In vitro cultures of tissue are regularly obtained to aid in leishmaniasis diagnosis and to help identify difficult Leishmania species. This technique has approximately the same diagnostic sensitivity as that of pathologic evaluation, but special laboratory capabilities and technical skills are required. These are available in only 2 reference laboratories in the United States (ie, the Centers for Disease Control and Prevention [CDC], Walter Reed Army Institute of Research).

The value of this method is that the species of the parasite can be identified on the basis of long-standardized isoenzyme patterns on cellulose acetate electrophoresis after the parasite is grown in vitro using both the New World methods of Kreutzer and the Old World methods of Dedet.

Specimens may be cultured on Novy-MacNeal-Nicolle (NNN) medium (rabbit-blood agar that has an overlay of Locke solution with added antibiotics), rabbit blood agar, Schneider Drosophila medium, or a multitude of specialized media to induce promastigote growth. Cultures usually take a few days to 2 weeks to demonstrate growth. Positive culture results occur approximately 75% of the time.

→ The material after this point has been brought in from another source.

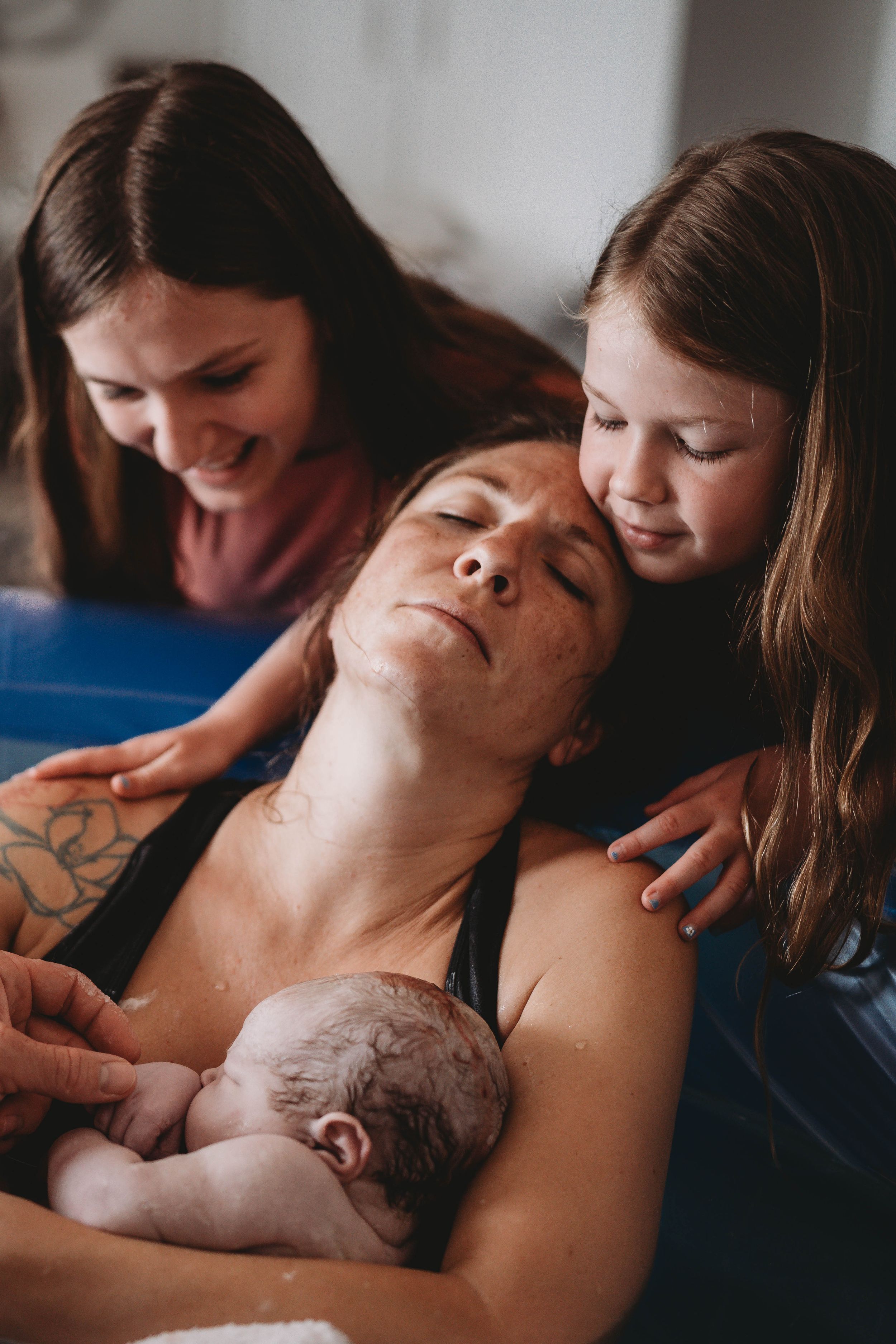 Intimate Palm Beach home birth scene showing skin-to-skin contact with newborn baby surrounded by supportive care team.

Additional cultures can be performed by inoculating tissue into the footpad and nose of hamsters or certain highly susceptible mouse strains (ie, in vivo cultures via animal inoculation). This is a sensitive method, especially in difficult cases, but results can take several weeks to months.

With successful culture, the parasite can be sent to specialized facilities or the Centers for Disease Control and Prevention (CDC) for polymerase chain reaction (PCR), isoenzyme electrophoresis, or monoclonal antibody speciation.